The residual inter-story drift can be reduced or even eliminated owing to the success of the various self-centering devices. Nevertheless, the structural acceleration response of the self-centering frames can be amplified due to their unique flag-shaped hysteretic behavior, which may cause severe damage of acceleration-sensitive nonstructural components. Hence, this paper proposes a novel inerter-enhanced self-centering damper (ISCD) that friction spring-based self-centering device and the inerter are arranged in parallel, to overcome the above shortcoming by providing balanced control on the drift and acceleration responses. The conceptual design and ideal mechanical model of the proposed ISCD are elaborated. Then, a 6-story reinforced concrete frame building is designed and equipped with the devices (e.g., the friction spring-based self-centering damper, the inerter, and the proposed ISCD).
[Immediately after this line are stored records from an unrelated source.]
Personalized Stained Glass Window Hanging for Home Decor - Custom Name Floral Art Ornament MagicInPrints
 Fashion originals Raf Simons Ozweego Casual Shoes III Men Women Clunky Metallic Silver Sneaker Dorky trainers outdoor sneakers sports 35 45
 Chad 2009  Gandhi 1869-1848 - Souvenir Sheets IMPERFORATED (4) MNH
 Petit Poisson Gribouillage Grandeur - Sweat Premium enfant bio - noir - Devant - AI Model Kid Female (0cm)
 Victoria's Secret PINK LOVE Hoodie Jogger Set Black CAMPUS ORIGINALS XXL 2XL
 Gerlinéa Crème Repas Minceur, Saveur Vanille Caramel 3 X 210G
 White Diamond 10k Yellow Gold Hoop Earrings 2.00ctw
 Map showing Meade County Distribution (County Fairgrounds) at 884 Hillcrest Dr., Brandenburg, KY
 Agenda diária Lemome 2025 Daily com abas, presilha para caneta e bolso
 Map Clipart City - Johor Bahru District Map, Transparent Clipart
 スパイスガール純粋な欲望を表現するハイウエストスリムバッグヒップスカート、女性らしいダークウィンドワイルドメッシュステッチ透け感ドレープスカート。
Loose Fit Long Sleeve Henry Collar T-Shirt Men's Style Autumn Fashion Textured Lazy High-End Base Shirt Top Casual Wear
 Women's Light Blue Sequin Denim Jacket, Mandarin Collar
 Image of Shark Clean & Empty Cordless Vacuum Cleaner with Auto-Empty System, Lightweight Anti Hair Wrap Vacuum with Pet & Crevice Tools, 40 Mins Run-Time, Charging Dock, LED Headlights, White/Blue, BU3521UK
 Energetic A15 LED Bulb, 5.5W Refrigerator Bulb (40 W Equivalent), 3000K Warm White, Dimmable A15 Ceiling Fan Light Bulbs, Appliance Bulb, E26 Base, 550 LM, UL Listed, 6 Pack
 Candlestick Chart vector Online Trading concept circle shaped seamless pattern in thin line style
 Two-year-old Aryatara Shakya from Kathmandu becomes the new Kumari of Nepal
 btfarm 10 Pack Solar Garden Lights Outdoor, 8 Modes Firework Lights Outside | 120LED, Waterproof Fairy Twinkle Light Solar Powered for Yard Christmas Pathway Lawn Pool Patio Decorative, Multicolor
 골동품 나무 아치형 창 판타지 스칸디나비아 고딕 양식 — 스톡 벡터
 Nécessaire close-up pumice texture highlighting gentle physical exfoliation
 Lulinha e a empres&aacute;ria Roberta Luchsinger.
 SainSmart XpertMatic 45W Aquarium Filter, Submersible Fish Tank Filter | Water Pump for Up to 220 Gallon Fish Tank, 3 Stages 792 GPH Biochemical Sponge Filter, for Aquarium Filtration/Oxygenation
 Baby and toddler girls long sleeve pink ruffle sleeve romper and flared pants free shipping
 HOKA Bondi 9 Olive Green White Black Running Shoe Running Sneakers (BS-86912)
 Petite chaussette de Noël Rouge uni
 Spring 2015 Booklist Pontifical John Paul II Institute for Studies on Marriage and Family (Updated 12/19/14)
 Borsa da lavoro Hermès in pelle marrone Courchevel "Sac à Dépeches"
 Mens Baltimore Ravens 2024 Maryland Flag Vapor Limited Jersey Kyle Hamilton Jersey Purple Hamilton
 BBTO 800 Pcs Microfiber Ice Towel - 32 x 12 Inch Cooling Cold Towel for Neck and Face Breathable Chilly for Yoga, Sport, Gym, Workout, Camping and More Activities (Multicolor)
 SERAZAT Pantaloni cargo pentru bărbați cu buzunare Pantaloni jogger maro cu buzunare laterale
Nonlinear dynamic analysis and incremental dynamic analysis are conducted to evaluate the effectiveness and advantages of the proposed ISCD. Finally, seismic resilience assessment is conducted to assess the influence of the ISCD on the post-earthquake functionality. The results indicate that the ISCD demonstrates a satisfactory capacity for reducing acceleration response, while maintaining desirable performance on the maximum inter-story drift and residual inter-story drift responses. Furthermore, the ISCDs provide an optimal balance between structural safety and nonstructural protection by reducing up to 20.46 % of seismic loss and up to 19.46 % of recovery time.